The city’s social, housing and community development manager, Carmin Mazzotta, said K.T.W. CMHC’s most recent vacancies figures are extremely concerning.

He said a healthy threshold is between three and five percent. Mazzotta said the situation is compounded by recent reports of current and projected housing supply gaps across the country and a crisis in housing affordability.

As of the 2016 census, 47% of tenant households in Kamloops lived in unaffordable housing. The 2021 census data has not yet been released. However, Mazzotta said he expects that number to have increased over the past five years.

Regarding the city’s response to housing issues, Mazzotta said the city continues to waive development fees on nonprofit rental housing or provide funds from an affordable housing reserve to support affordable units in new developments, parking reductions for affordable housing and social housing. He said the city also continues to work with BC Housing through a memorandum of understanding to support the development of shelters, supportive housing and affordable rental housing.

Thompson Rivers University, meanwhile, is actively trying to increase its supply of student housing in Kamloops. Students have recently struggled to find accommodation in the city, due to limited availability.

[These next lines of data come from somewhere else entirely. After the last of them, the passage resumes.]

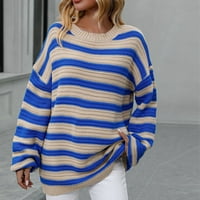 Trendvibe Žene s dugim rukavima akrilni prugasti ispis Žene dame dame Loungewear Pleteni džemperi Žene
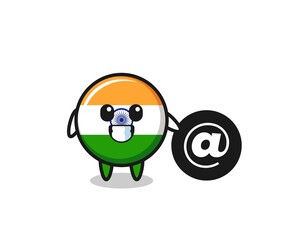 Cartoon Illustration of india standing beside the At symbol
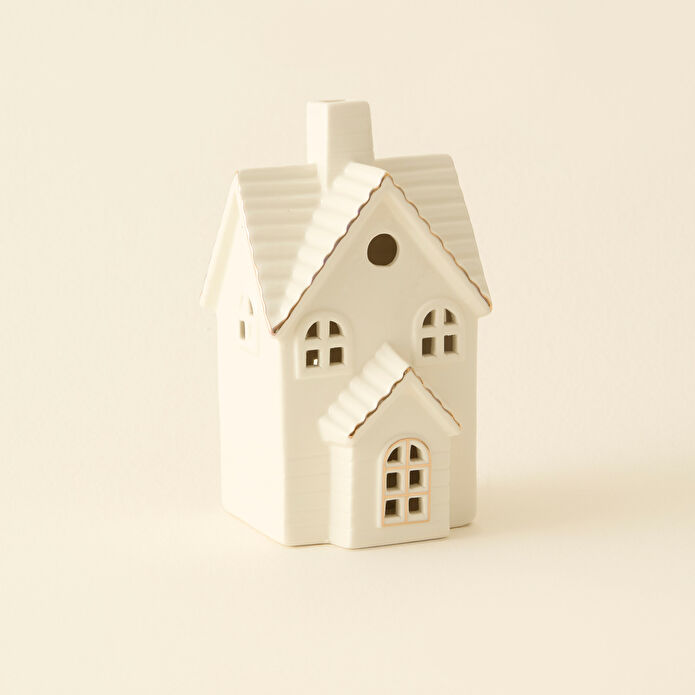 Karaca Home New Year Yılbaşı Ev Şekilli Ledli Dekoratif Obje Beyaz 10,2 x 9,7 x 18 cm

The university added 114 temporary modular housing units last winter and has pledged to maintain them until the end of April 2023. The council also recently approved a development permit for a student accommodation complex of 80 units on Summit Drive.

Development in this area could include up to three student accommodation buildings. TRU spokeswoman Michelle Nordstrom said K.T.W. by email, on-campus housing is in high demand for the 2022-2023 academic year, and TRU encourages students to apply or join waitlists, if they have not already obtained housing.